TASK ITEM:
The data below should be retyped exactly, with the pictures left out.
=== RECORD EXCERPTS ===
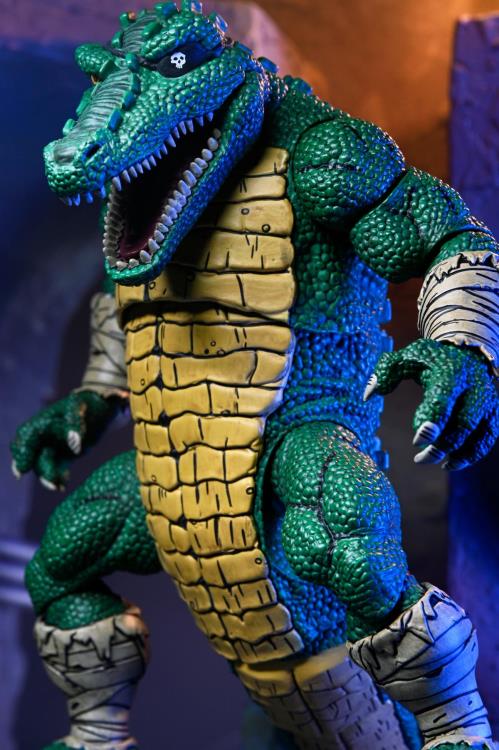 Teenage Mutant Ninja Turtles Leatherhead (Mirage Comics) Deluxe Action Figure - www.Shopthatapp.com #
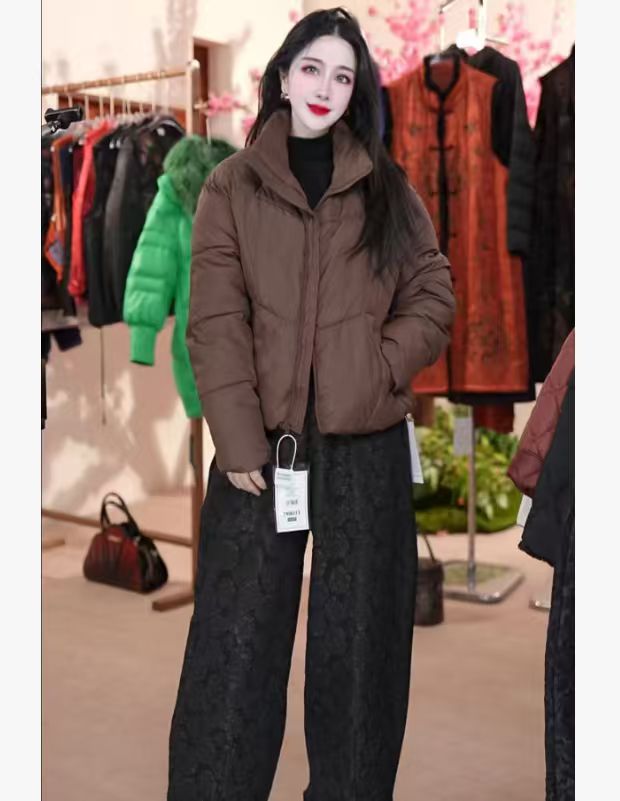 2025新款肯豆风棉服女短款立领百搭保暖棉衣冬季休闲外套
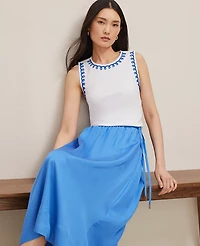 Ann Taylor Stitch Ponte Shell Top Women's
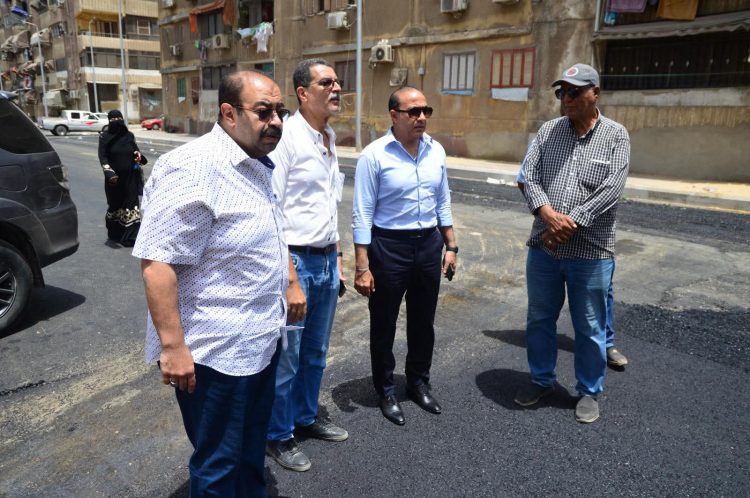 رئيس مدينة بورفؤاد يتابع تطوير مساكن الحزب الوطني ورفع كفاءة البنية التحتية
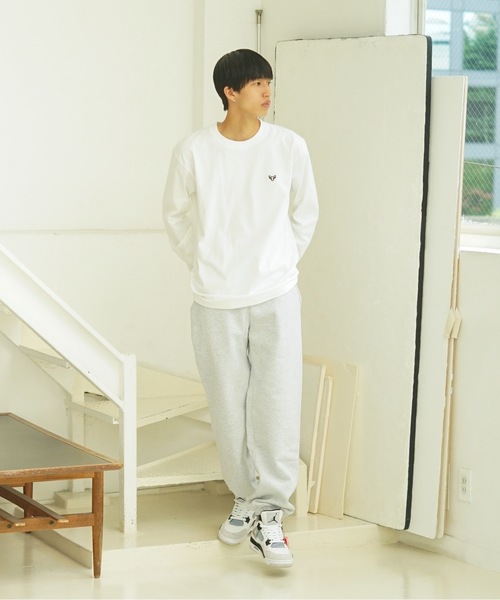 HANES(ヘインズ)の「【HANES/ヘインズ】BEEFY ワンポイント ロングTシャツ H8-X40 ビーフィー ロンT ヘビーウェイト ユニセックス コットン100%(Tシャツ/カットソー・メンズ・ホワイト/ブラック/グレー/ネイビー・MEDIUM/LARGE/X-LARGE/SMALL)」の10枚目の写真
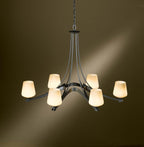 Flora Chandelier, 5-Light, Natural Iron, Clear Glass, 26.7"W (103040-SKT-20-ZM0236 LPVUR)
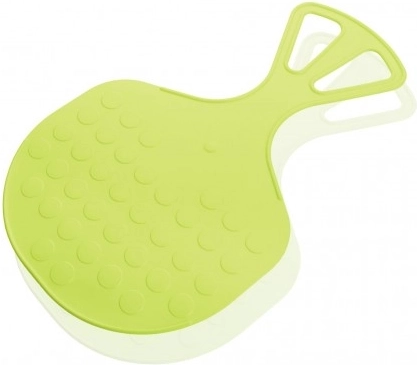 Glijschotel Mrazík plastic 58 × 35 cm – Limoengroen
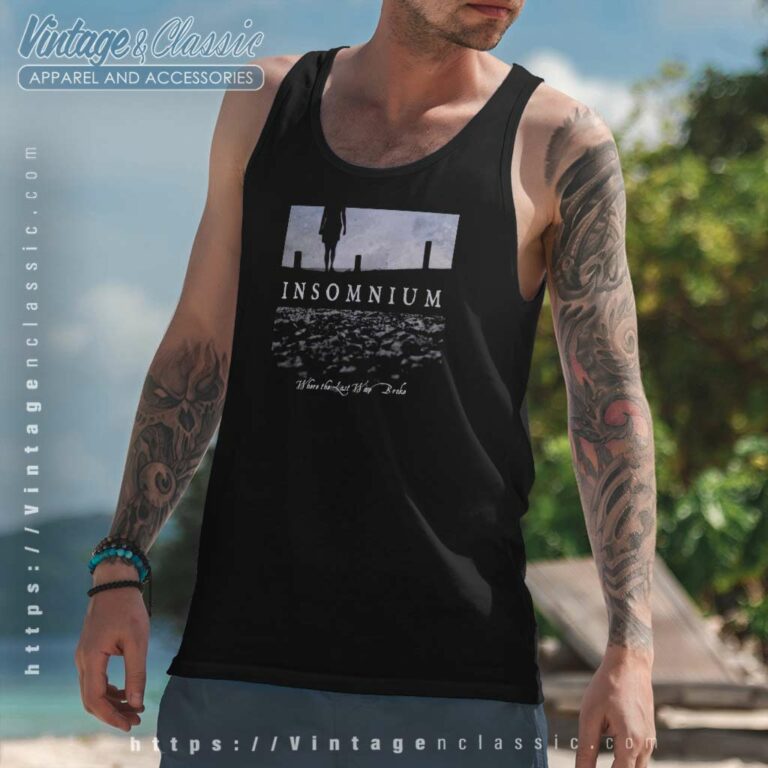 Insomnium Shirt Where The Last Wave Broke Tank Top Racerback Insomnium Shirt Where The Last Wave Broke Tank Top Racerback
===
EXERCISE RESULT:
 Teenage Mutant Ninja Turtles Leatherhead (Mirage Comics) Deluxe Action Figure - www.Shopthatapp.com #
 2025新款肯豆风棉服女短款立领百搭保暖棉衣冬季休闲外套
 Ann Taylor Stitch Ponte Shell Top Women's
 رئيس مدينة بورفؤاد يتابع تطوير مساكن الحزب الوطني ورفع كفاءة البنية التحتية
 HANES(ヘインズ)の「【HANES/ヘインズ】BEEFY ワンポイント ロングTシャツ H8-X40 ビーフィー ロンT ヘビーウェイト ユニセックス コットン100%(Tシャツ/カットソー・メンズ・ホワイト/ブラック/グレー/ネイビー・MEDIUM/LARGE/X-LARGE/SMALL)」の10枚目の写真
 Flora Chandelier, 5-Light, Natural Iron, Clear Glass, 26.7"W (103040-SKT-20-ZM0236 LPVUR)
 Glijschotel Mrazík plastic 58 × 35 cm – Limoengroen
 Insomnium Shirt Where The Last Wave Broke Tank Top Racerback Insomnium Shirt Where The Last Wave Broke Tank Top Racerback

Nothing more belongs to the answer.